October 1, 2008 - 11:47

Pantheon Books
Writer(s): David Heatley
Penciller(s): David Heatley
Inker(s): David Heatley
Letterer(s): David Heatley
Cover Artist(s): David Heatley
ISBN: 978-0-375-42539-4
$24.95 US, 128pp, B&W, hardcover


mybrainishangingupside.jpg
This cover image of My Brain is Hanging Upside Down is courtesy of barnesandnoble.com.

My Brain is Hanging Upside Down is a hardcover collection of the comix of David Heatley, a cartoonist who has appeared in The New York Times (Op-Ed page) and the New Yorker.  Heatley has also contributed to a number of comix anthologies, and portions of this book have appeared in Kramer’s Ergot, McSweeney’s, and Mome, among others.

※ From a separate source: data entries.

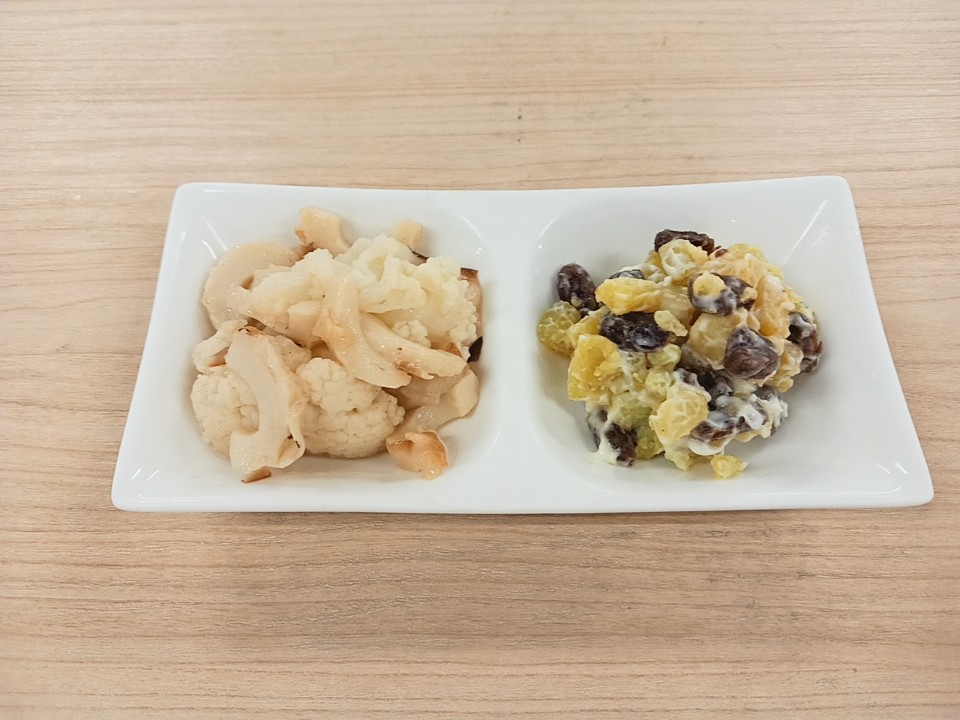 朝食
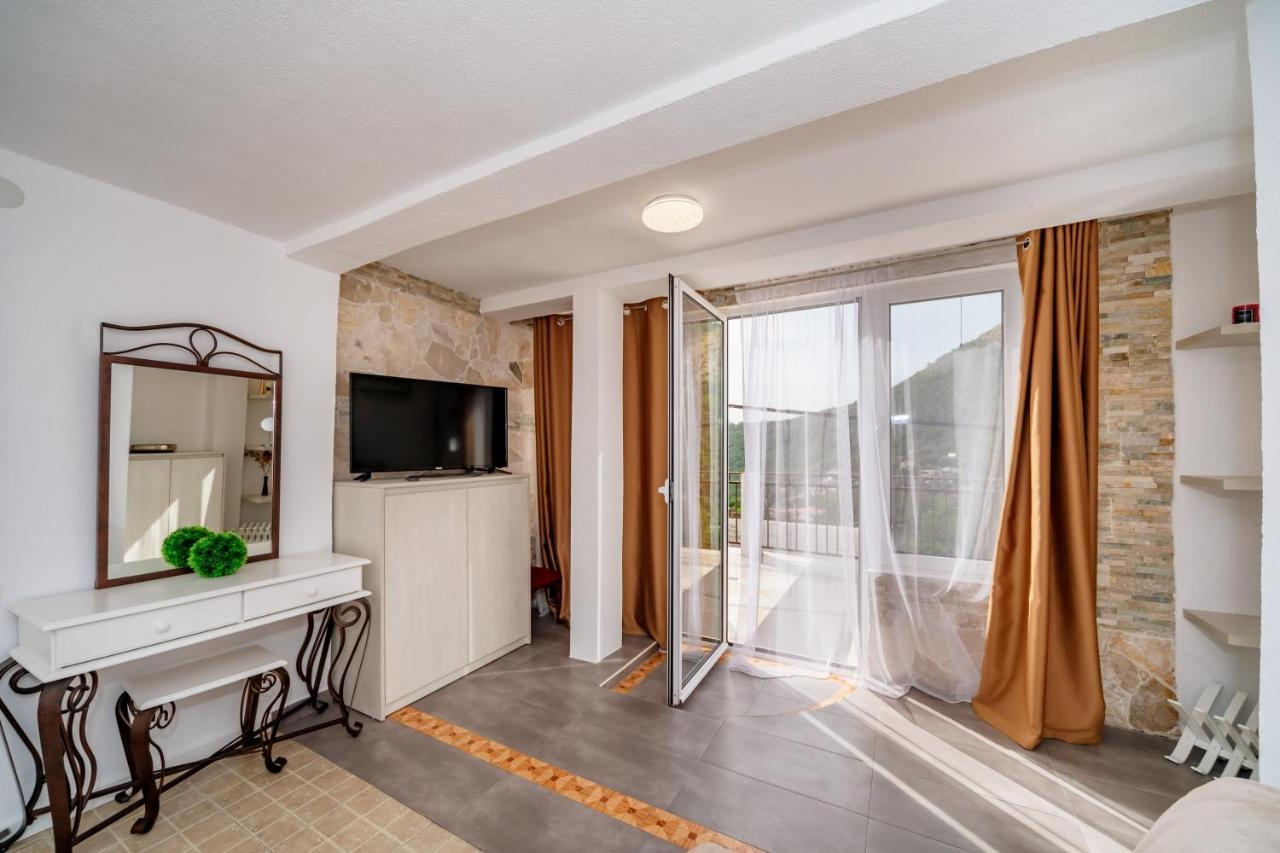 Apartmani Lira Сутоморе Экстерьер фото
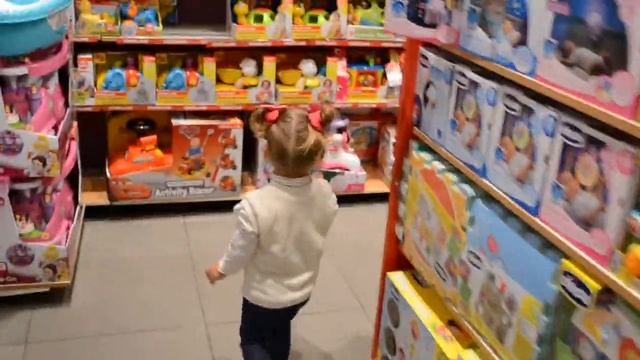 ДОМ ИГРУШЕК! Выбираем в магазине себе игрушки!)))) смотреть онлайн
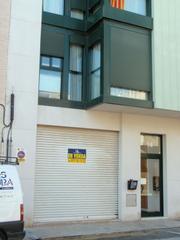 Local commercial dans Carrer ramon berenguer iv 14. Local comercial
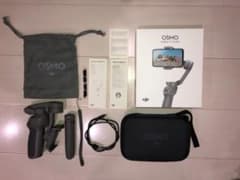 使用わずか　DJI Osmo Mobile 3 Combo コンボのサムネイル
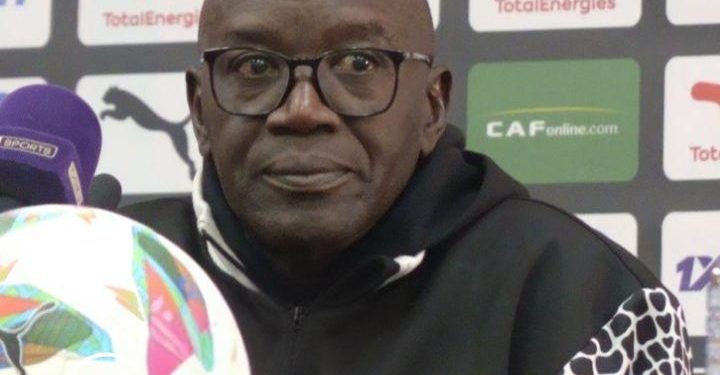 Ligue des champions de la CAF 2024-2025/Match MC ALGER-MAZEMBE:&rsquo;Nous allons jouer notre petite chance de qualification à fond. »(Lamine NDIAYE entraîneur des corbeaux en conférence de presse d&rsquo;avant match).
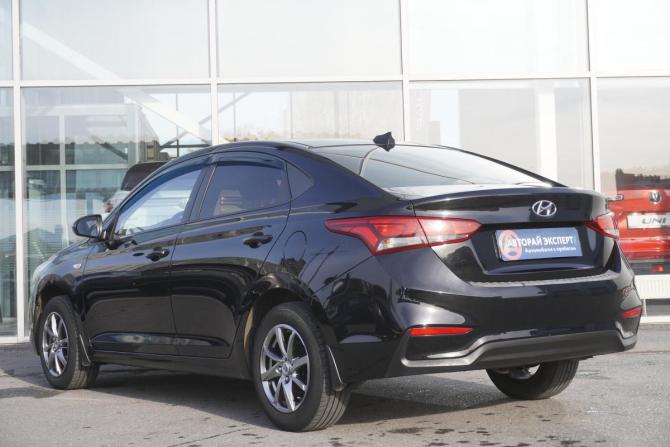 Hyundai Solaris II с пробегом 2018 года, цена 1 199 000 рублей, 109204 км, седан, Автокод Объявления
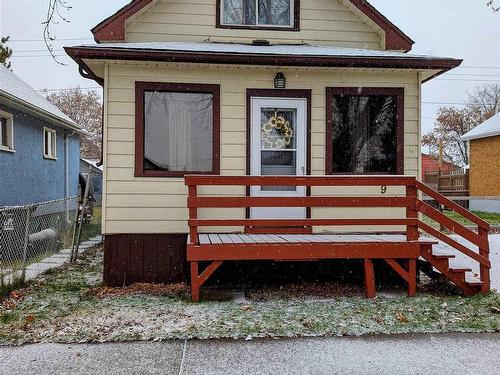 910 Alberta Street, Thunder Bay, ON - Outdoor With Exterior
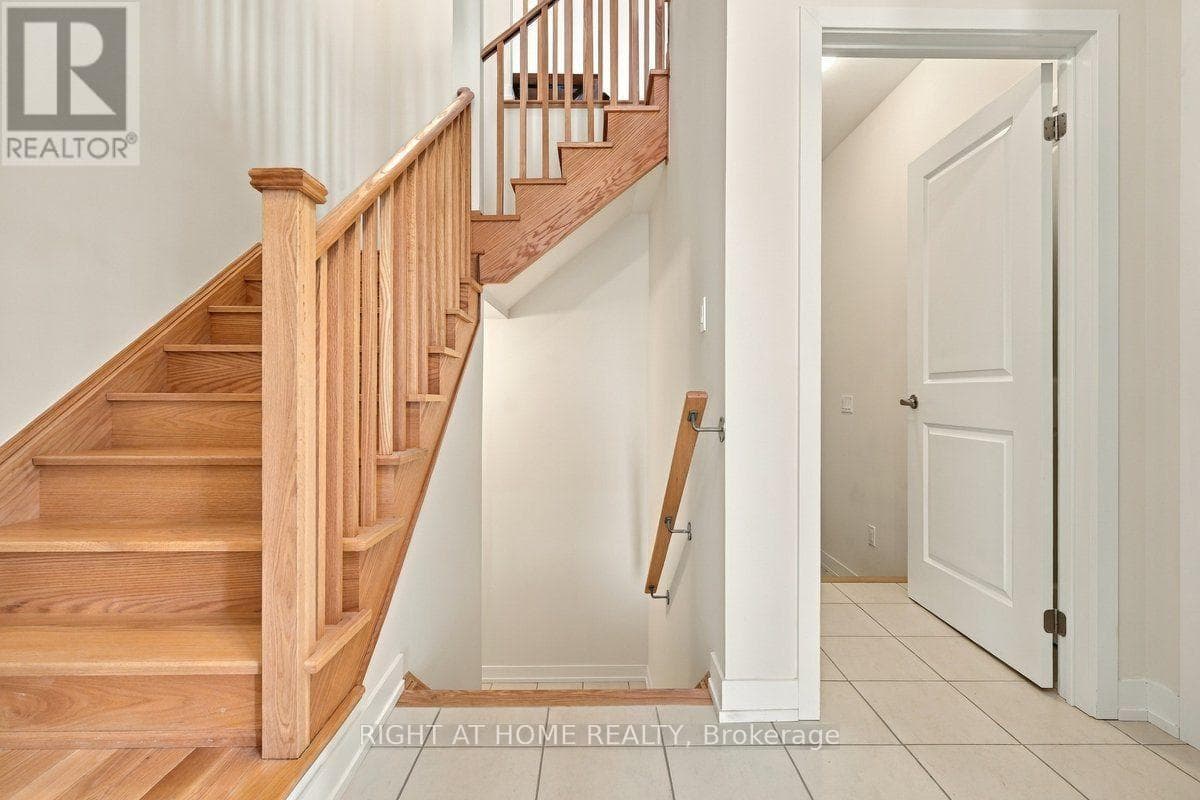 Single Family at 3081 Welsman Garden, Oakville (JM Joshua Meadows), Ontario - Photo 6 - RE/MAX Garden City Realty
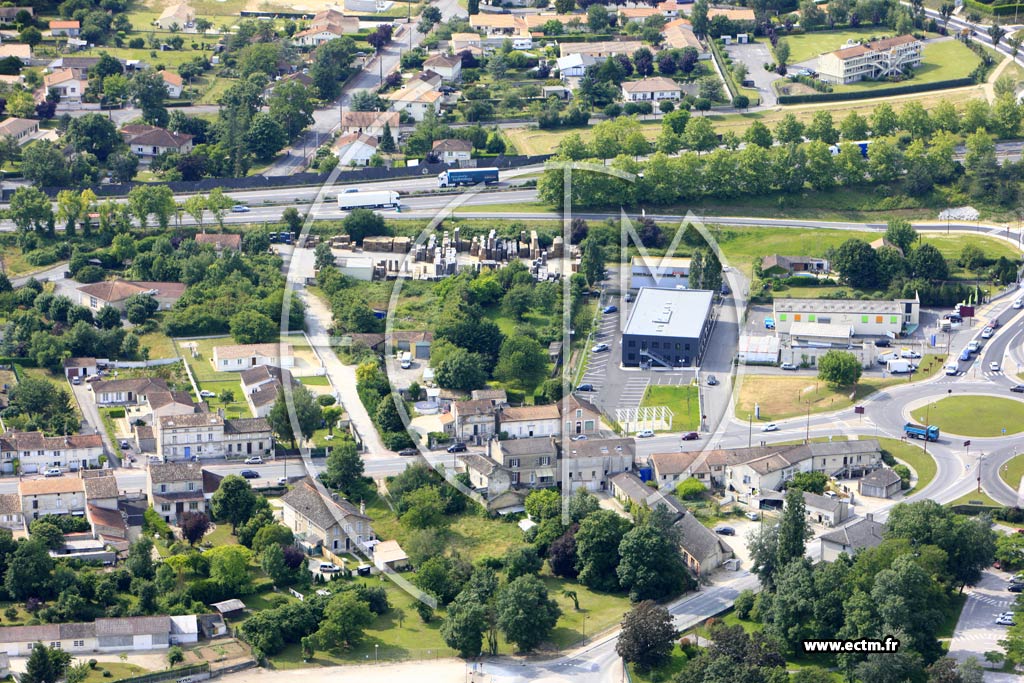 Photo arienne de La Couronne (Abbaye)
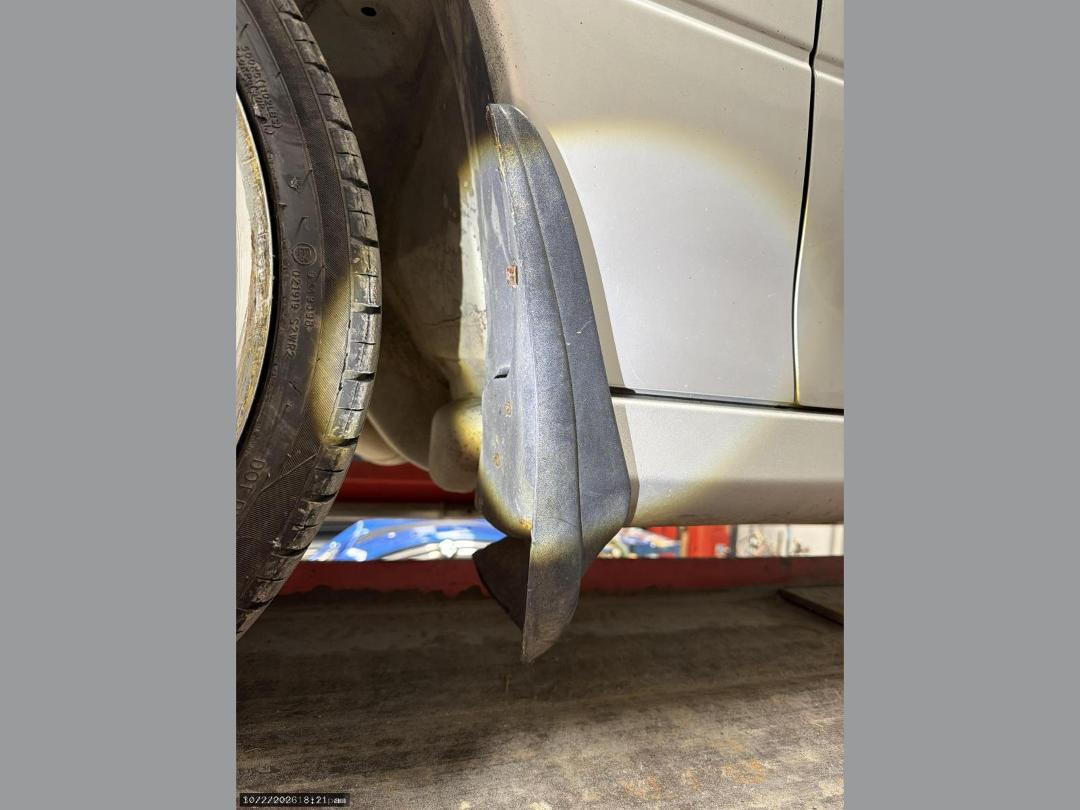 Photo '5' of Holden Commodore VZ Acclaim Photo '5' of Holden Commodore VZ Acclaim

My Brain is Hanging Upside Down reminds me of those Joe Matt comic books that I read for much of the 1990s.  Matt didn’t so much open the door to his life has he pulled the covers away from the grubbiest or most distasteful parts of his life (such as his addiction to pornography).  Alternative-autobiographical cartoonists rely on the fact that a – relatively speaking – sizeable audience will be interested in the dysfunctions of their lives – past and present.  Many readers find the often shocking and sometimes odious revelations of the Joe Matts and David Heatleys of the cartoon world fascinating, if not occasionally nauseating.  This kind of material, however, without any serious regard on the part of the cartoonist, for what it offers can be as empty as a Hollywood, big budget, special effects-laden, event movie.

In My Brain is Hanging Upside Down, David Heatley offers his past in a series of vignettes that is dizzying in its quantity and bracing in its subject matter.  It is a memoir of events in Heatley’s life, rather than autobiography that takes a look at an entire life.  The book is divided into five sections, each one focusing on an aspect of Heatley’s past.  “Sex History” is a recollection of sexual thoughts, urges, acts, etc.; “Black History” is a likely incomplete catalog of the Black folk Heatley has known and encountered.  “Portrait of My Mom,” “Portrait of My Dad,” and “Family History” are vignettes about his family.

The most… interesting and controversial material is in “Sex History” and “Black History.”  It’s not that I think “Sex History” is dishonest – as a reader I can certainly question his memory about events and people – it’s that I wonder about the presentation.  Taken at face value, “Sex History” is a chain of comic strips about sex acts that are more rank and raw, rather than being filtered for anything of intellectual or artistic value.  “Black History” is much the same.  Heatley’s remembrance of his relationship with African-Americans is so matter of fact that it sometimes comes across as bigotry by default – a simple compilation of embarrassing episodes.

As much as I like watching what at times seems like a train wreck, what My Brain is Hanging Upside Down lacks is nuance.  Heatley is an artist who thinks but is not thoughtful and is creative without imagination.  Yes, his crude drawing style is deceptive.  People might think that he can’t draw, but what he can’t draw is the unfathomable and profound from the unique encounters with which his life seems uncommonly blessed.  The material is all killer, but there is little or no substantive filler or context.